歩いているうちに、庭の向こう、闇の中に佇む建物が里内裏だとわかってきた。
これはよく出来ている。
日本のどこに、このような建物があったのだろう……私はいぶかしがりながらも、庭を歩いた。
ふと、軒下にノキシノブがぶら下がっているのが見えた。
あぁ。
となると、これはあの百人一首に詠まれたあの軒端なのかもな……と思い、引き寄せられるように、私はそのノキシノブへと歩いていった。
「誰じゃ」
私は息を飲んだ。
まずい。
知らぬ間の事とは言え、私は知らない人の庭を勝手に歩いていたのだ。警察に突き出されても文句は言えない。
私はおそるおそる、声のする方を見た。
そこには、平安貴族がいた。それも、かなり位の高い装束を身に着けていた。
「……順徳天皇……」
ノキシノブの連想に囚われていた私は、ついその一首を詠んだ本人の名を口に出してしまった。
「ほう……それは朕の諡(おくりな)か?」
そう言うと、その男は実に楽しげに笑った。
私は咄嗟に土下座をした。
その服装、その雰囲気……私は電撃で撃たれたかのように、この男が古の天皇陛下、あるいはそれに準じた地位の者なのだと思ったのだ。
理論的にはあり得ない。
ただ、それは直感的な確信だった。
だから、土下座をした。これが礼法的に適当か、その当時の研究をしているとは言っても、私には判らなかった。そもそも、その時代、平民が陛下に直にお目通しする事などあり得ない。だから、どうしていいか判らなかったのである。
地面に頭をこすりつける私に、男は静かに言った。
「よいよい。そのようにせずともよい。楽にせよ」
私は顔をあげた。男は、渡り廊下でしゃがみ込んで、私を見てニコニコ笑っていた。
私はその頃には、これは夢だと思いはじめていた。リアルな夢だが、過去に思いを馳せながら遺跡を歩いていると、こういう事も起こるような気がした。
「ほう。面白い幽霊だの」
「は、私は幽霊に見えてますか」
「うむ。昔からよく見える。しかし変わった霊じゃの」
「は、はぁ」
「しかし、順徳か。よい諡じゃな」
「いや、あの、貴方様が誰か分からないので、そうと限った訳では……」
「諱は守成。後鳥羽天皇の第三皇子だ」
それならば、ノキシノブの一首を詠んだ順徳天皇に間違いない。
私は頷いた。
「ほう。諡を知るという事は、朕が死んだ後の世界にいきておるのじゃな。そりゃ、面妖な幽霊じゃ」順徳天皇は、ひとしきり笑ったあと、急に神妙な面持ちで訊いてきた。「して、そちは朕が死んだ痕の世界から来たのじゃろ? なら、教えよ。朕はどうやって死ぬのじゃ」
私は答えなかった。
答えられなかった。
まさか、最後まで時代に抗い、敗れ、佐渡に流された後、自ら断食の上、焼け石を頭に乗せて命を落とすなどと、本人に言える訳がなかった。
私は黙って、頭を下げた。
ふっと、順徳天皇が笑ったように感じた。頭を上げると、既に向こうへと歩いていくところだった。

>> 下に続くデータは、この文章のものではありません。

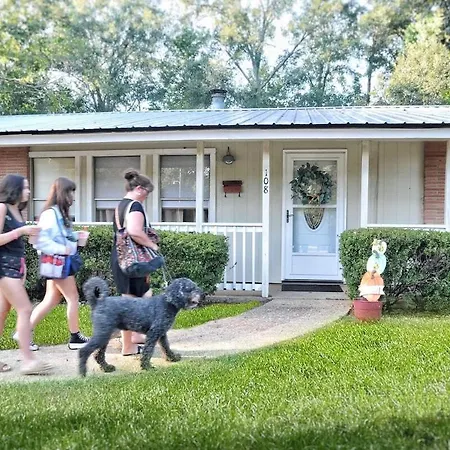 Centrally Located Cozy Mid-Century Home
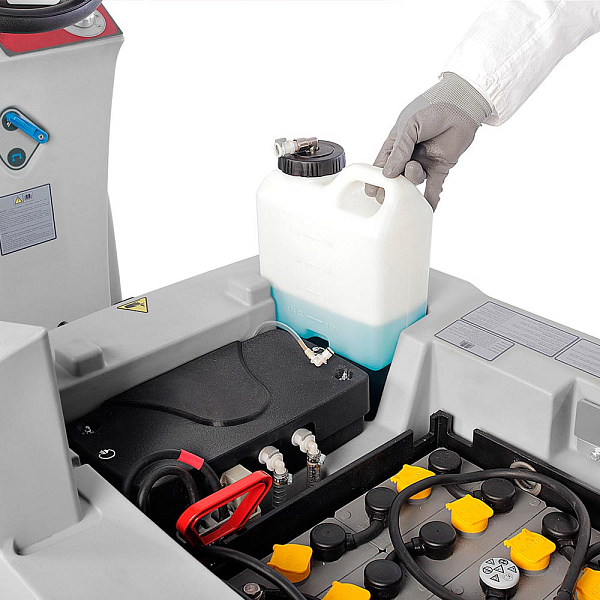 Фото поломоечная машина comac optima 85 b на сайте www.kiit.ru в интернет-каталоге КИИТ ☎ +7(800) 707-07-45 Изображение №17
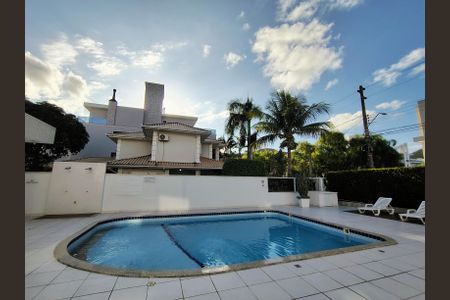 Apartamento para alugar com 85m², 2 quartos e 1 vagaÁrea comum - Piscina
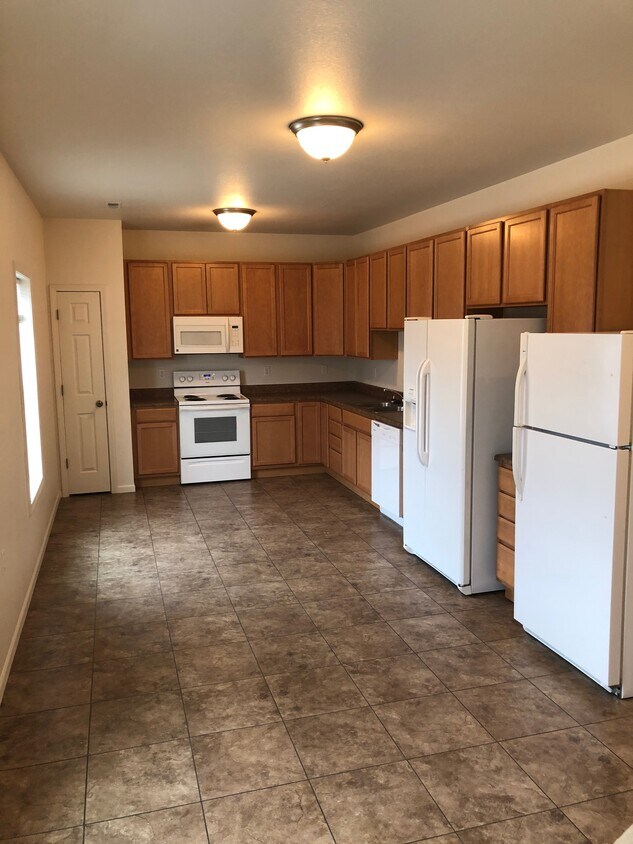 305 E 17th St Unit A, Rolla, MO 65401 Apartments in Rolla, MO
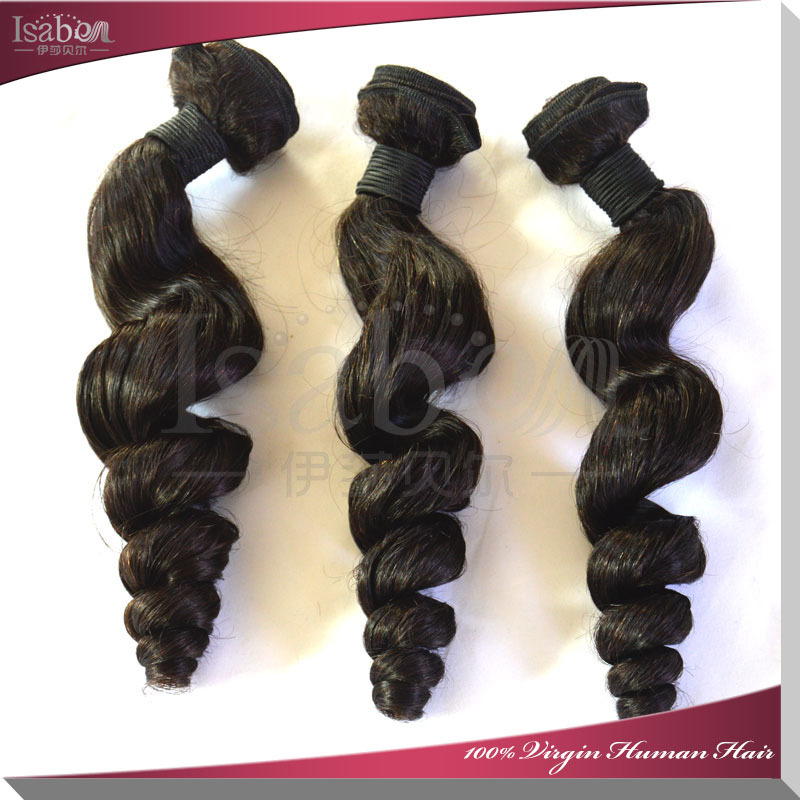イザベル100グラムマレーシアの髪ゆるいウェーブヘア100％フルキューティクルそのまま8から32インチ染色することができる行きの格安のvirginマレーシアの髪問屋・仕入れ・卸・卸売り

順徳天皇は、立ち去りながら、のちに百人一首に選ばれる一首を朗々と詠み上げた。
私は、その後、元の世界へと戻ってきたのだが、あの時、順徳天皇が詠んだ一首が、その時に作られたものなのか、或いは、自らの後の運命を覚悟している事を、私に伝える為に詠んだのかは、未だにわからない。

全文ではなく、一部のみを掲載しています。